Her mother was even more forgiving.

"Just grow up safe and sound," she'd say, ruffling Ji Wushuang's hair.

"Get a factory job that's not too hard, marry a decent man, and that's life."

That was Tangzhou's way.

Children of Tangji workers almost always joined the factory—

through "succession posts" or internal hiring.

The steel behemoth's final act of guardianship.

Good students might land in the technical office.

Poor ones, like her parents, would work the shop floor.

Either way, there'd be food on the table.

A life to live.

Their only demand of Ji Wushuang?

Stay safe. Stay happy.

So she enjoyed what passed for a luxurious childhood in Tangzhou.

No cram schools.

No endless homework.

Just endless hours racing through the factory grounds.

Scaling scrap heaps.

Balancing on railroad tracks.

Her physical prowess was the inverse of her academic performance.

She ran faster, jumped farther, and hit harder than anyone her age.

No boy in the compound could beat her.

She became the kid no one crossed—

a silent, formidable leader.

Next door lived the Chens.

Chen Lei's family.

His parents, like hers, were Tangji employees.

The two households were close.

They exchanged homemade buns or factory-issued fish.

The men often drank together, swapping tall tales.

Chen Lei was Ji Wushuang's classmate.

His personality was her opposite.

Taciturn. Still. A silent stone.

His grades were middling—

not stellar, but solid enough.

The kind of student teachers ignored but never worried about.
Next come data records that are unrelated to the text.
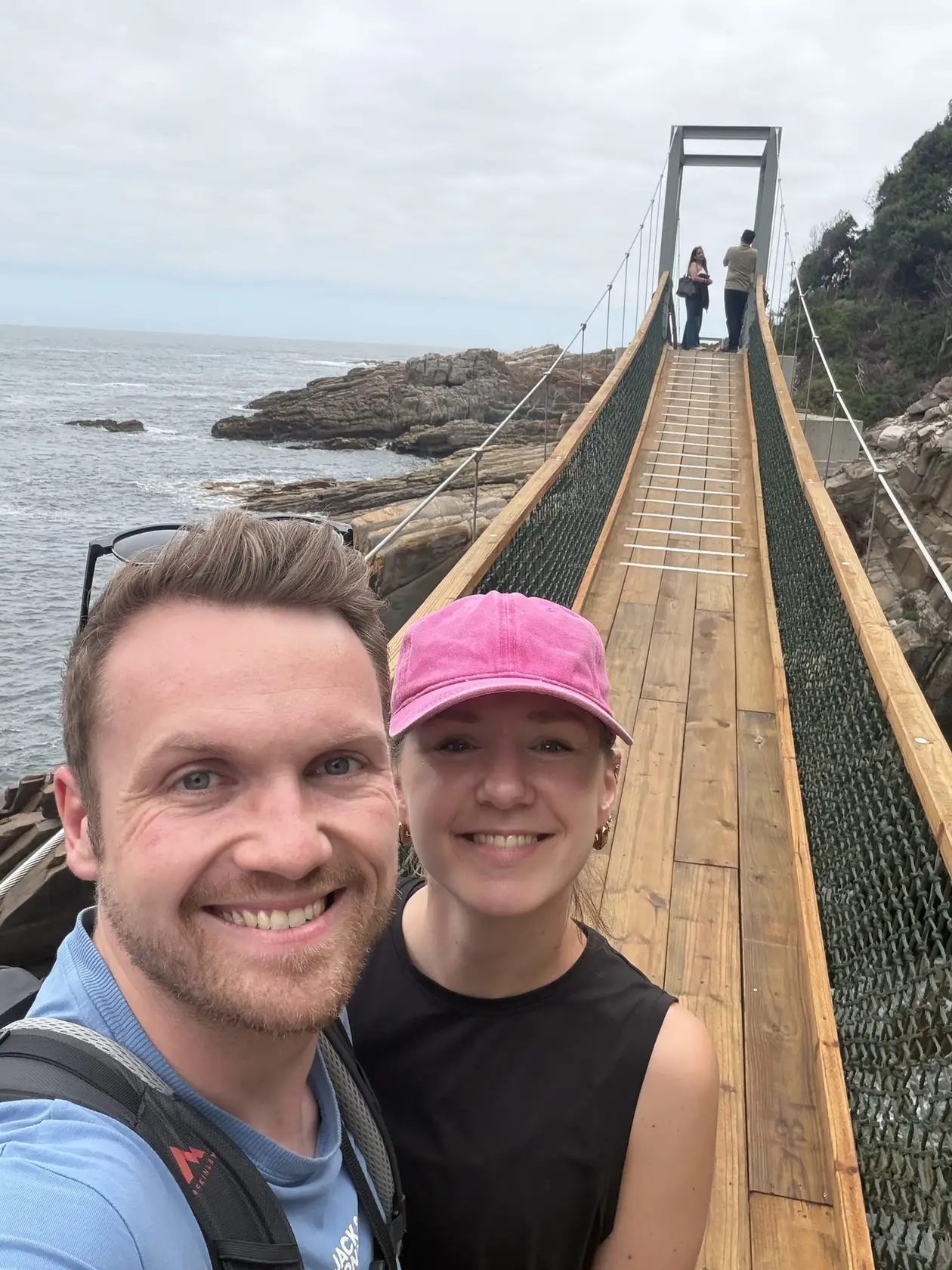 Max und Rebecca lächeln vor der Hängebrücke über die Mündung des Storms River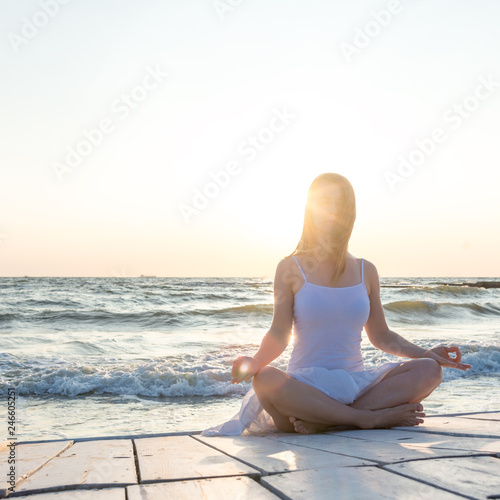 Woman meditating at the sea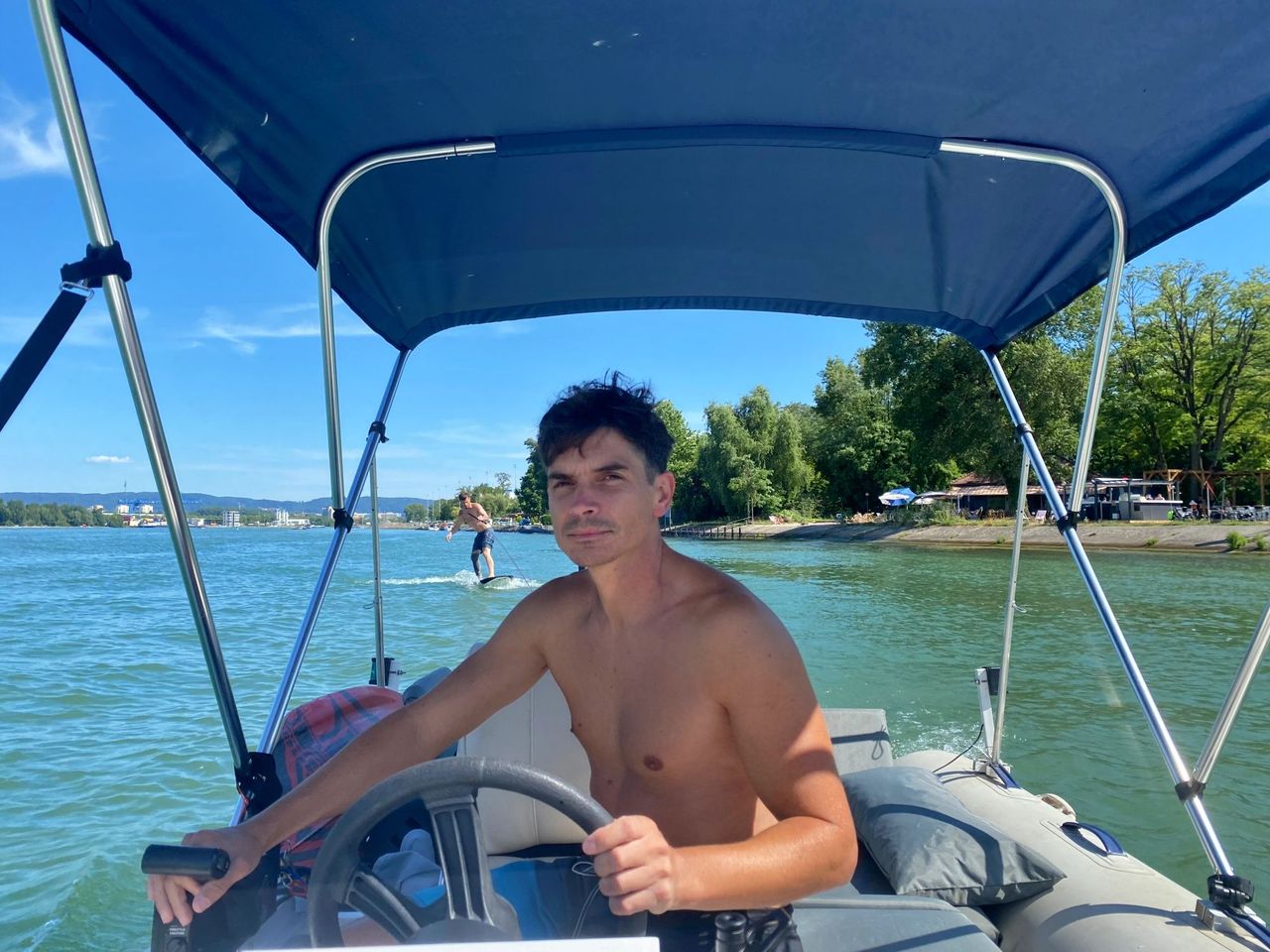 Foilen auf dem Rhein hinter dem Motorboot in Basel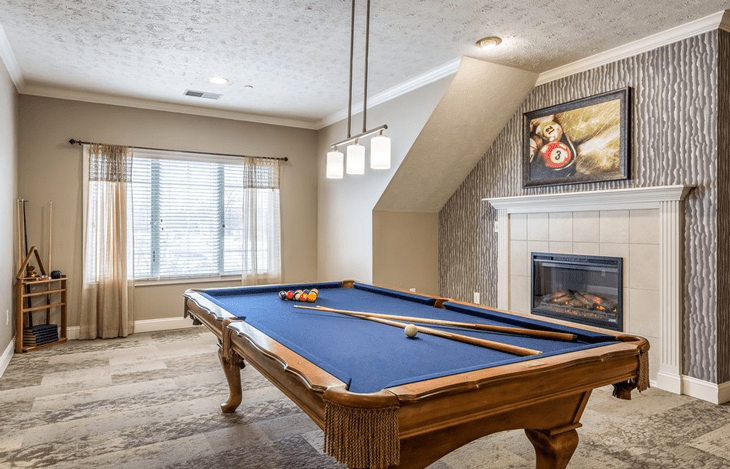 A stylish game room featuring a billiard table with blue felt, complemented by modern overhead lighting and a cozy fireplace.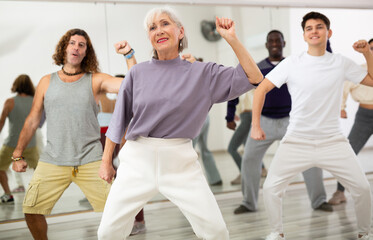 Fototapeta na wymiar Energetic elderly lady attending group choreography class, learning modern dynamic dances. Concept of active lifestyle of older generation..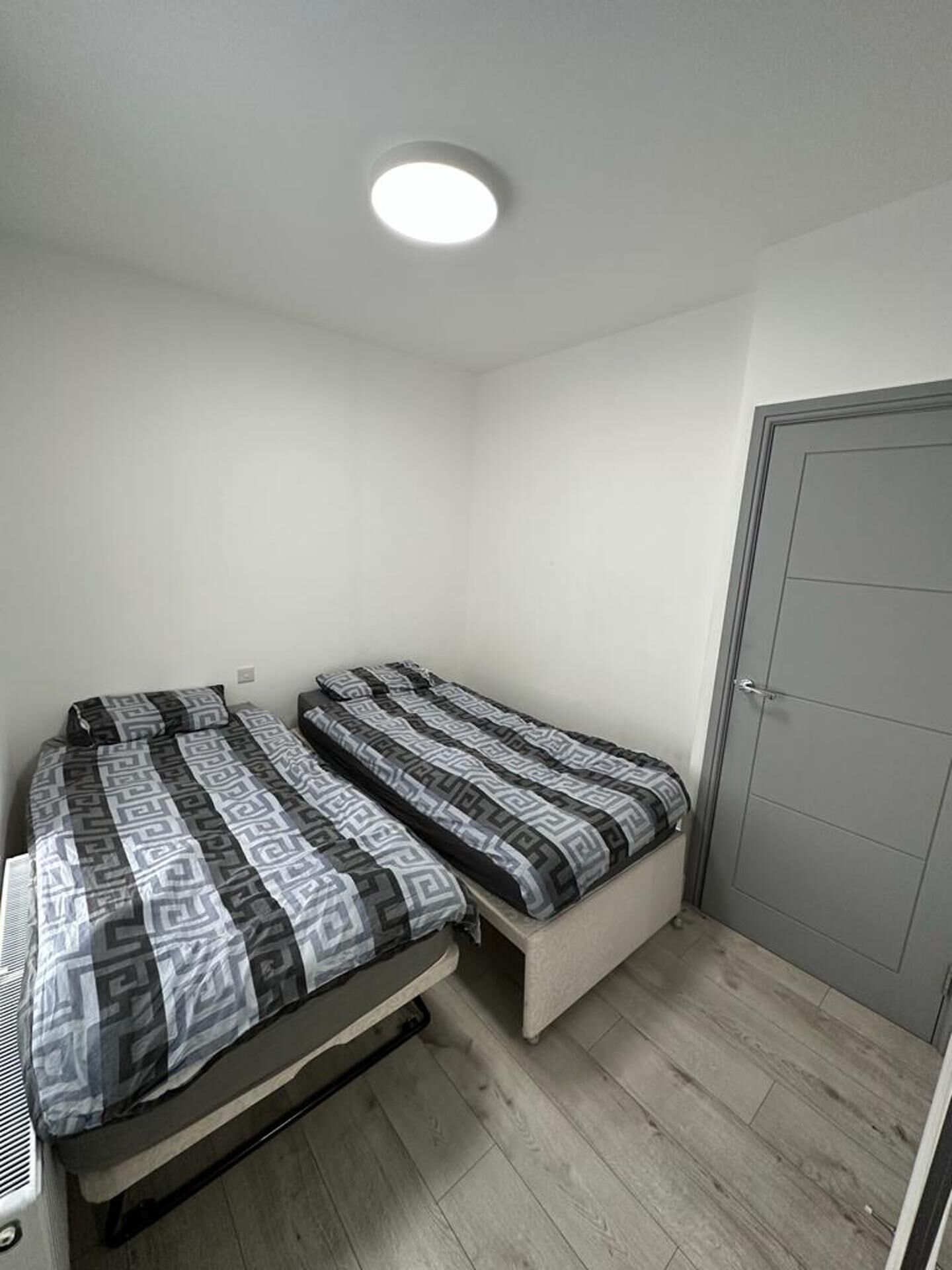 A small, single-room accommodation with two single beds, a built-in bench, a door, and a ceiling light.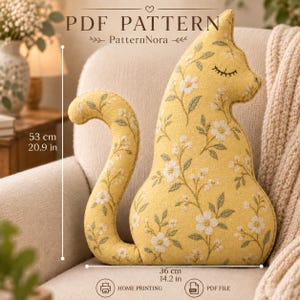 Op de afbeelding: Een geel kussen in de vorm van een kat met een wit bloemenpatroon, groene bladeren en geborduurde gesloten ogen. De tekst PDF PATTERN PatternNora is zichtbaar. De afmetingen zijn 53 cm hoog en 36 cm breed zoals aangegeven.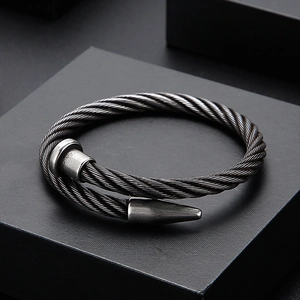 Industrial style dark gray steel cable nail bracelet with a textured metallic finish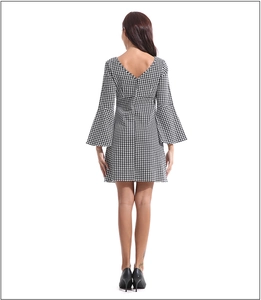 Detailed back view of a houndstooth dress featuring bell sleeves and a V-cut neckline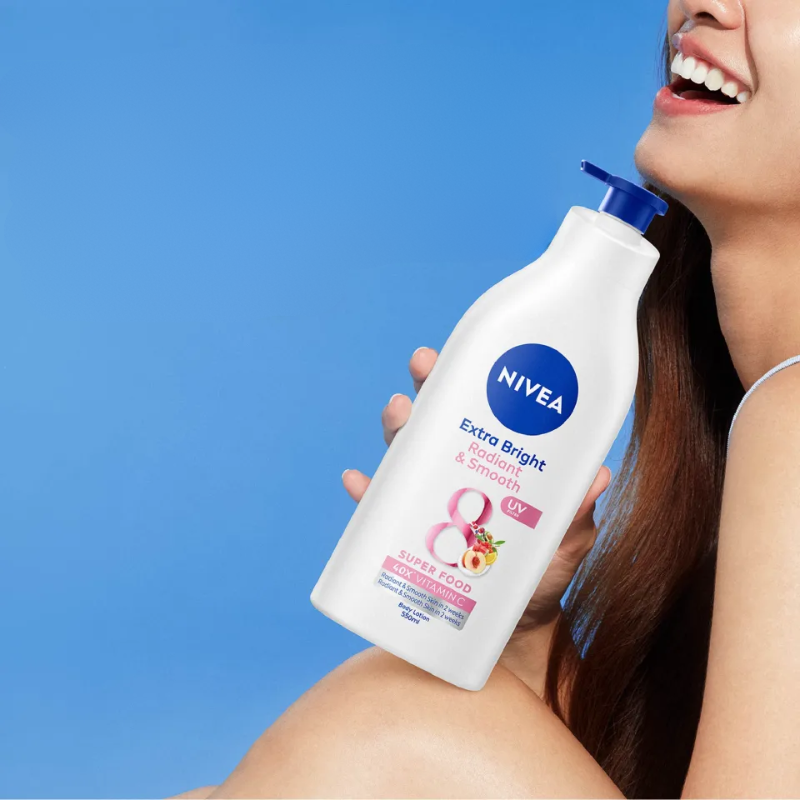 Sữa Dưỡng Thể Nivea Extra Bright Radiant & Smooth Ban Ngày 350ml Màu Hồng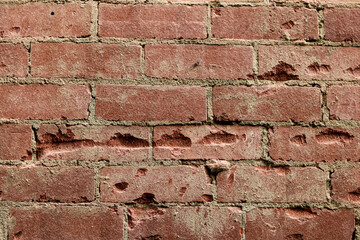 Obraz premium A full-frame, damaged texture of a red brick wall. The surface displays wear, pits, missing chunks, and holes.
By every measure, he was the better child.

At least, that's what everyone said.

Chen Lei watched Ji Wushuang.

Had watched her since they were small.

Saw her standing in punishment corners.

Holding failing report cards under classmates' stares.

Running wild outside like some feral boy.

To him, she seemed...

out of place.

Eighth-grade PE class.

The 800-meter test.

An autumn afternoon, sunlight pooling on the track.

The rubberized surface had gone soft with heat.

Most girls groaned.

Eight hundred meters meant agony.

Ji Wushuang stood at the starting line, expressionless.

Her blue-and-white uniform hung loose.

Her hair was cropped short, boyish.

Chen Lei stood trackside with a stopwatch.

The starting pistol cracked.

Girls surged forward.

At first, they ran clustered.

After one lap, gaps appeared.

Some slowed to walks.

Others bent double, gasping.

Only Ji Wushuang held steady.

Her pace never faltered.

If anything, she accelerated.

Her breathing stayed even.

Her strides light, almost gliding.

She overtook them one by one.

By lap one, she led by half a track.

By lap two, she'd lapped the stragglers.

Chen Lei couldn't look away.

He forgot to click the stopwatch.

That sunlit figure—

not bulky but brimming with force.

Lonely yet relentless.

When she crossed the finish line, the field fell quiet.

All eyes on her.

No triumphant grin.

No exhaustion.

Just cool-down stretches,

as if she'd merely warmed up.

The PE teacher took Chen Lei's stopwatch.

Stared at the time.

Stared at Ji Wushuang.

"Freak," the teacher muttered.

Chen Lei heard.

That night, he dreamed.

Of Ji Wushuang running.

Running clear out of Tangzhou.

He ran towards a place far, far away—a place he didn’t recognize at all.